BEGIN COLLECTED DATA

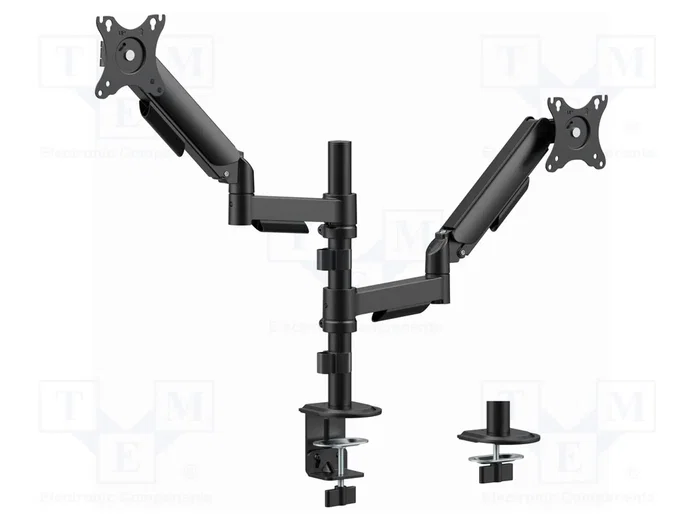 Gembird MA-DA2P-02 Soporte para dos monitores de 17 a 32 pulgadas, Negro Gembird MA-DA2P-02 Soporte para dos monitores de 17 a 32 pulgadas, Negro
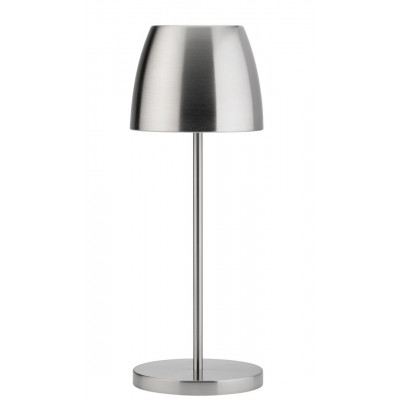 Utopia Montserrat LED Bezdrátová Lampička 30cm - Broušená Stříbrná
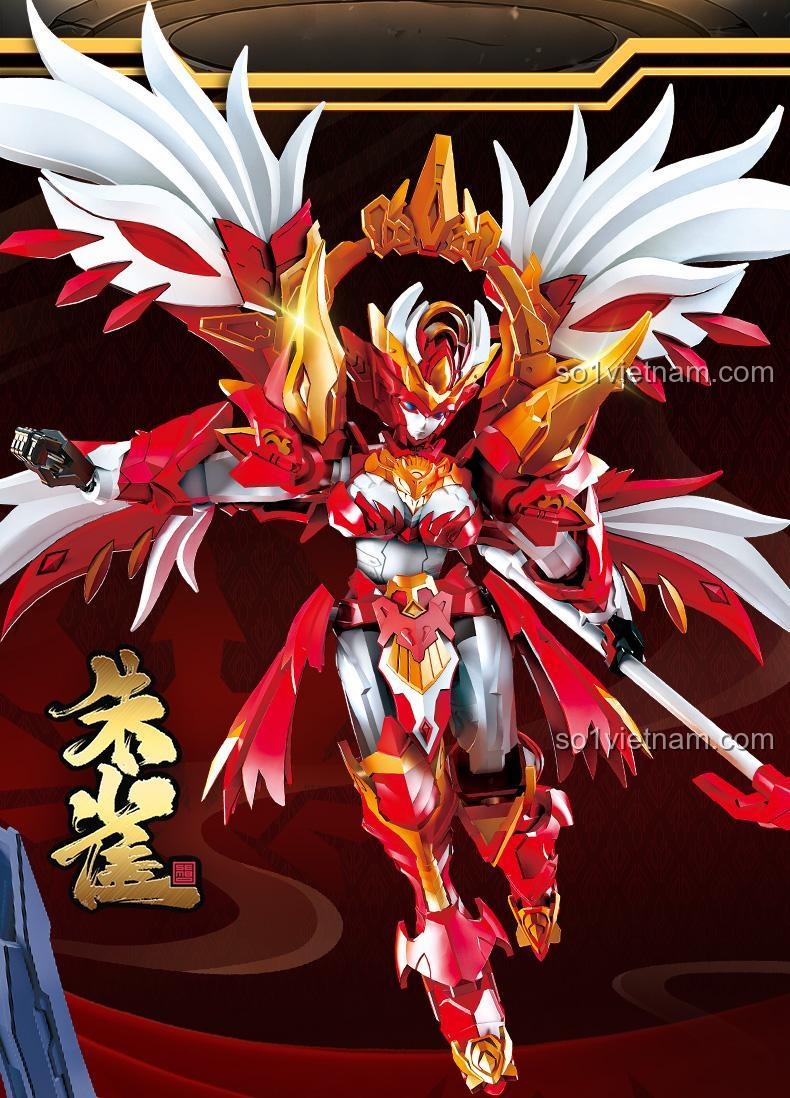 SEMBO 900028 Mô hình Robot Thiên Vệ朱雀 màu đỏ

END COLLECTED DATA

◆ WHAT YOU SHOULD DO ◆
Starting with the line that holds "Utopia Montserrat LED", copy every line exactly through the final line of the material, but skip the pictures.

◆ EXERCISE OUTPUT ◆
 Utopia Montserrat LED Bezdrátová Lampička 30cm - Broušená Stříbrná
 SEMBO 900028 Mô hình Robot Thiên Vệ朱雀 màu đỏ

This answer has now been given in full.